Architecture & Security Model
- Uses a custom virtualization stack (not QEMU or Apple’s Virtualization.framework).
- Single Linux VM and shared kernel; containers have isolation similar to standard Linux containers, not a strong VM-based boundary.
- VM never runs as root on macOS; admin privileges are optional for some conveniences.
- Some confusion/curiosity about whether it uses LXD; maintainers clarify that LXD isn’t the core architecture.
Docker-in-Docker, Networking & Features
- Docker-in-Docker is supported because containers don’t depend on nested virtualization.
- Some users confirm running nested containers via tools like Testcontainers.
- Networking and domain model (OrbStack domains vs production Docker/nginx) can diverge; container-to-container use of OrbStack FQDNs is a pain point for some frameworks.
- IPv6 is supported; fast networking and file access are recurring positives.
Licensing, Phone-Home & Pricing
- Commercial licenses are subscription-based; personal use can be free but still phones home periodically.

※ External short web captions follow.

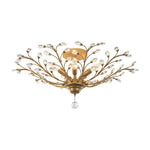 LightfixturesUAE-5-Light Art Deco Vintage Flower Basket Crystal Semi Flush Mount Ceiling Light-Ceiling Lights-Black-
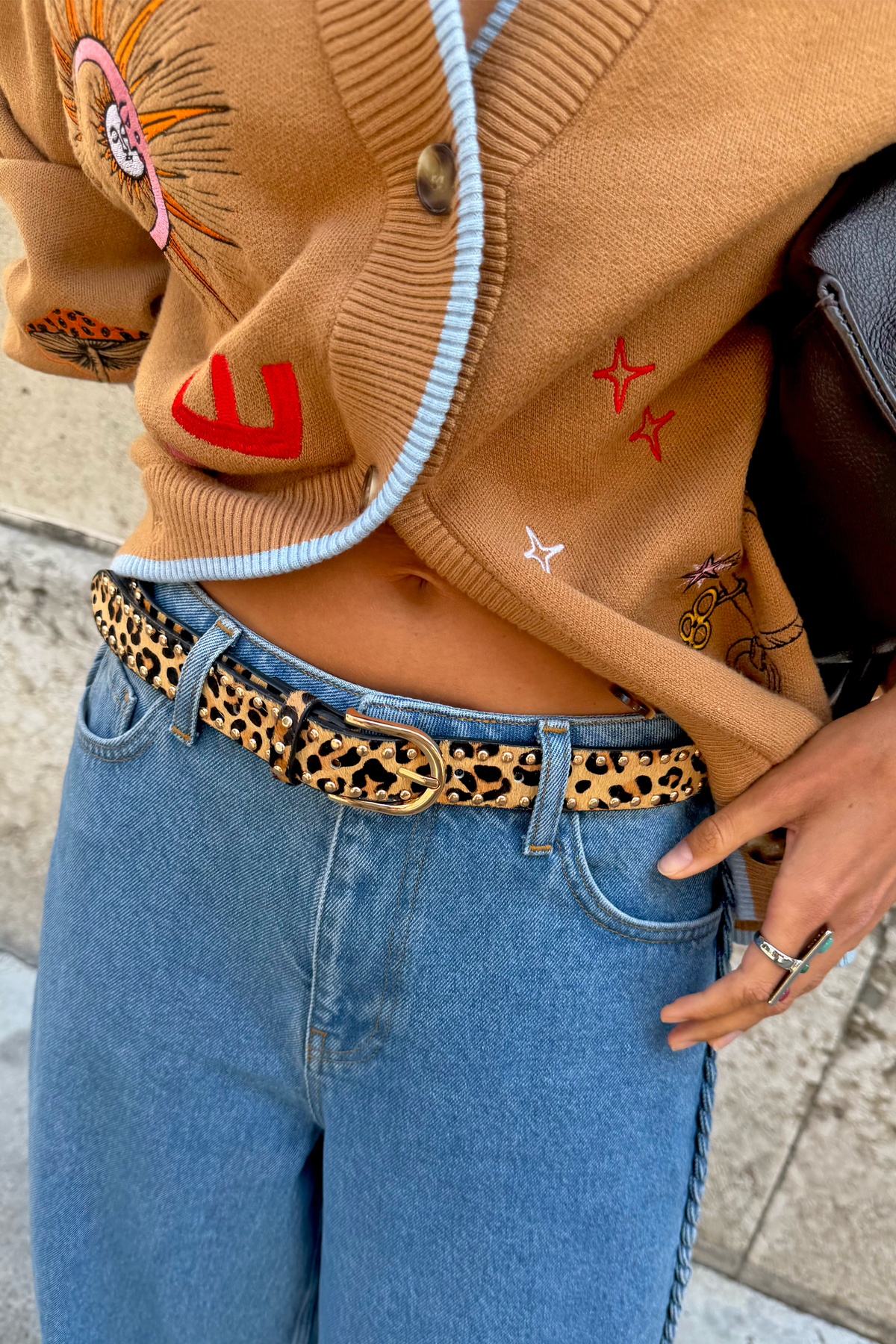 Leopard Pony Studded Belt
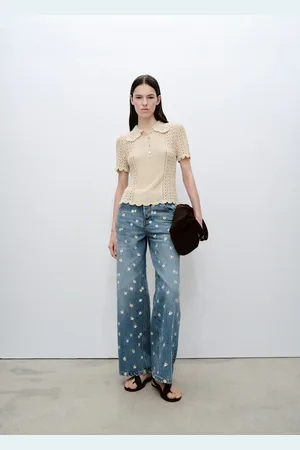 MANGO Jeans wideleg bordado flores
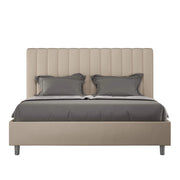 ityhome Letto matrimoniale king size senza rete imbottito 170x190 similpelle tortora Agueda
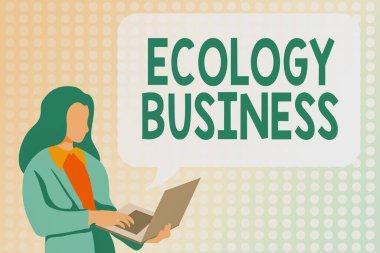 Kavramsal manşet Ekoloji Şirketi. İş konsepti küresel ekoloji ve çevre koruma işi programlama dilleri öğrenme, kodlama ve geliştirme yeni video oyunu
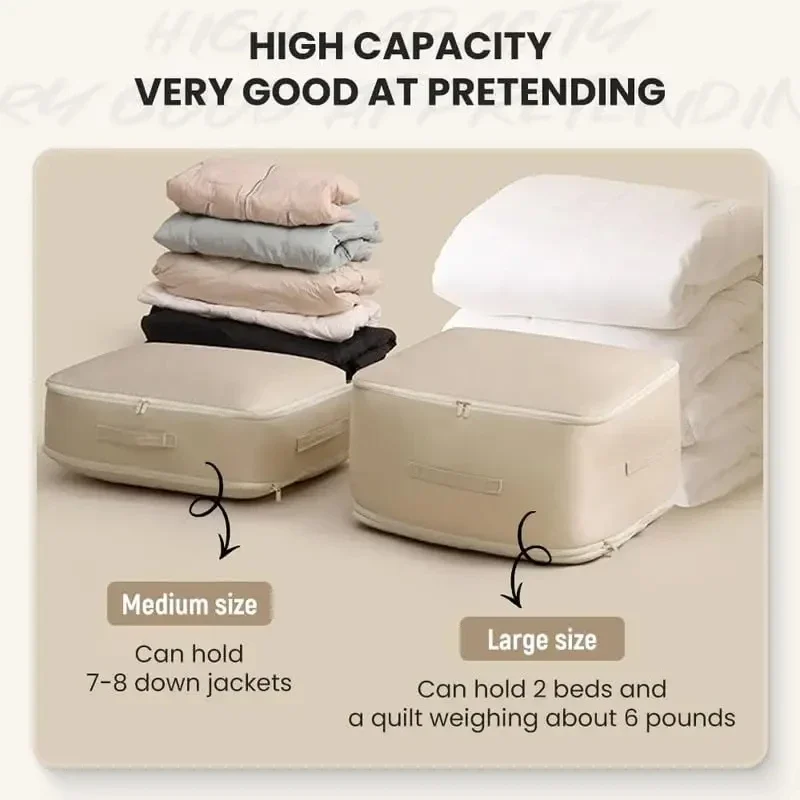 Sac de rangement à Compression anti-poussière, sac de rangement de grande capacité, résistant à l'humidité pour vêtements, couette, sac mobile, organisateur d'auto-Compression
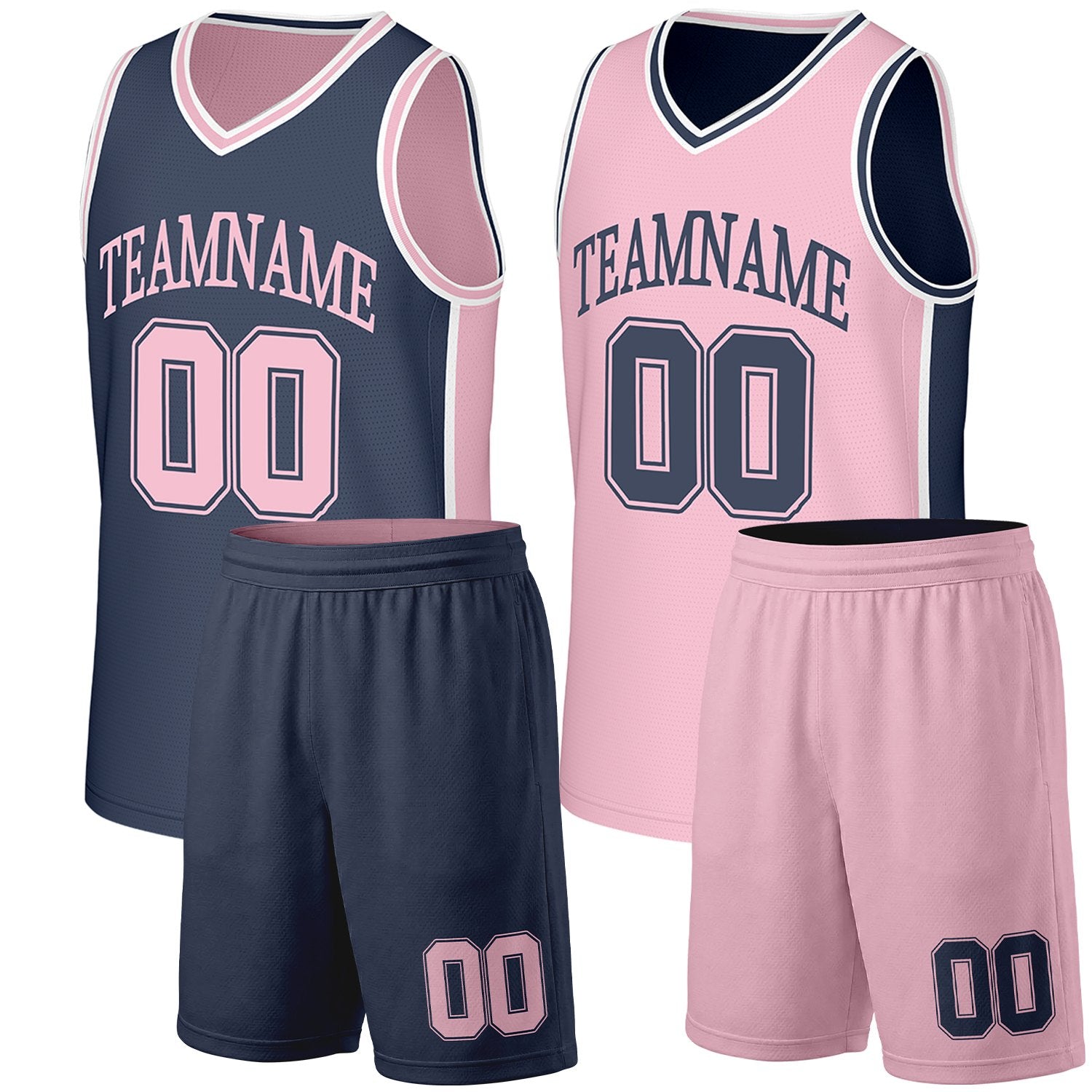 Custom intramural basketball team uniforms navy pink reversible by Vosoli. Personalized team name, number & logo. Breathable mesh. Fast delivery.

- The requirement to reach a license server for continued operation worries some, especially for long offline periods.
- Others consider the business pricing low relative to developer productivity, but some employers resist paying.
Platform Scope & Alternatives
- macOS-only, which several people find under-disclosed on the website.
- Viewed by many as bringing a WSL2-like Linux+Docker experience to macOS.
- On Linux, users suggest LXD/Incus or native containers as the closest equivalent; some prefer plain Linux laptops to avoid these layers entirely.
Issues & Limitations
- Historically used a large sparse disk image that conflicted with various backup tools; excluding it from backups took time and caused frustration.
- No plan to support “VM mode” for arbitrary kernels; vertical integration is considered essential.
- Some oddities in CPU feature reporting under Rosetta can confuse feature-detecting builds.
- Requests exist for better resource monitoring and Nix integration.